Although dark matter is thought to make up more than 80% of all matter in the universe, it does not interact with electromagnetic radiation and its existence has been inferred from its gravitational effects on visible matter. The precise nature of dark matter is unknown and over the years many contenders have been put forward to account for it. The option currently favoured by most physicists, including Hooper, is as yet undiscovered weakly interacting massive particles (WIMPs).

Annihilating WIMPs

"If you get two WIMPS in the same place at the same time they interact in such a way that both get destroyed and liberate normal energy," Hooper explains. He believes that this process supplies the gamma-rays observed by Fermi. The process would also create large numbers of electrons and positrons at the core of the Milky Way. Hooper and Linden believe that these particles interact with the galaxy's magnetic field to produce a haze of radiation – and have modelled what they expect this radiation profile to look like. "Our model falls right on top of the WMAP data; they are in remarkably good agreement," says Hooper.

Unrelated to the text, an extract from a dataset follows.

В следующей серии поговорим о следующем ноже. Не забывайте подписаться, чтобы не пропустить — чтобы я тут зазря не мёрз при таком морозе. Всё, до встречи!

Some researchers, however, believe it isn't quite that simple. "The galactic centre is very hard to model; we don't know much about it. There are also controversies about the nature of the Milky Way's magnetic field," explains Julien Lavalle, from the Institute of Theoretical Physics in Madrid. "This makes it very difficult to claim whether dark matter is responsible or not," he adds.

There might also be problems with the mass of WIMPs used by Hooper and Linden. Their WIMPs weigh in at 7–9 GeV, which is in line with possible dark-matter signals seen in the ground-based CoGeNT and DAMA/LIBRA detectors. However, a heated debate has been raging over the veracity of these detections, as physicsworld.com reported last year ("Dark matter 'no result' comes under fire"). Indeed, the debate's latest instalment has seen the CoGeNT and DAMA/LIBRA signals coming under increased fire from the XENON100 experiment (WIMP no-show casts a shadow over dark matter").

Fighting his corner

However, Hooper is prepared to fight his corner. "I am still not entirely convinced by the XENON100 argument. There are reasons to think that due to the atomic properties of xenon [the element used in the detector], such a low energy WIMP interaction would leave no observable trace," he argues.

But recent work (arXiv:1104.0679) by Martin Winkler and Rolf Kappl of the Technical University of Munich has put the matter under further scrutiny. If Hooper's flavour of WIMPS exists then they should be efficiently captured by stars, including the Sun. Their annihilation in the Sun would produce energetic neutrinos detectable from Earth. Winkler and Kappl used the Super-Kamiokande neutrino detector to search for such high energy solar neutrinos. So far the search has yielded nothing. "We can constrain Hooper's model substantially, but not rule it out," Winkler told physicsworld.com.

Hooper still believes he is on the right track though. "Neither my paper nor anyone else's is claiming a smoking gun for dark matter. But certainly, of all the signals that have come and gone over the years, it is this collection [Fermi, WMAP, CoGeNT, DAMA/LIBRA] that I find by far the most compelling," he says.

Hooper and Linden's findings are described in Phys. Rev. D 83 083517 and arXiv:1011.4520.